### RECORD EXCERPTS
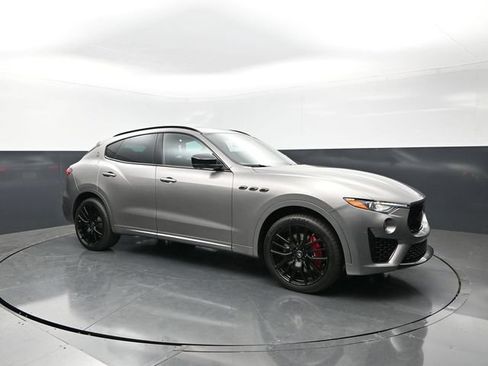 Used 2021 Maserati Levante S AWD/4WD image 1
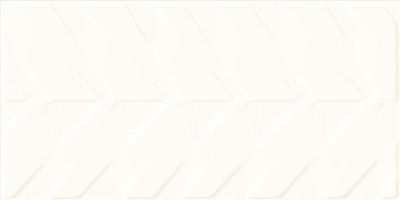 Плитка стінова Ideal White STR 300x600x9 Paradyz SS--300X600-1-IDEA.WH фото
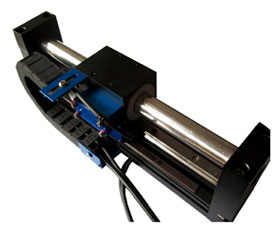 英諾伺服 32系列管狀直線電機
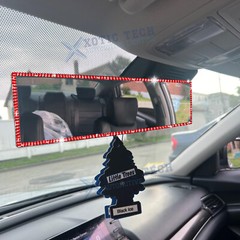 Styling Door Edge Dashboard Interior Trim Self Adhesive Car Bling Decoration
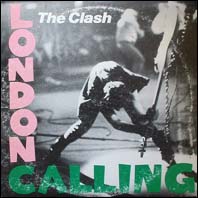 Clash - London Calling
######
__WHAT YOU ARE ASKED TO DO__. Each entry above is to be duplicated exactly, and its pictures omitted.

__EXPECTED ANSWER__.
 Used 2021 Maserati Levante S AWD/4WD image 1
 Плитка стінова Ideal White STR 300x600x9 Paradyz SS--300X600-1-IDEA.WH фото
 英諾伺服 32系列管狀直線電機
 Styling Door Edge Dashboard Interior Trim Self Adhesive Car Bling Decoration
 Clash - London Calling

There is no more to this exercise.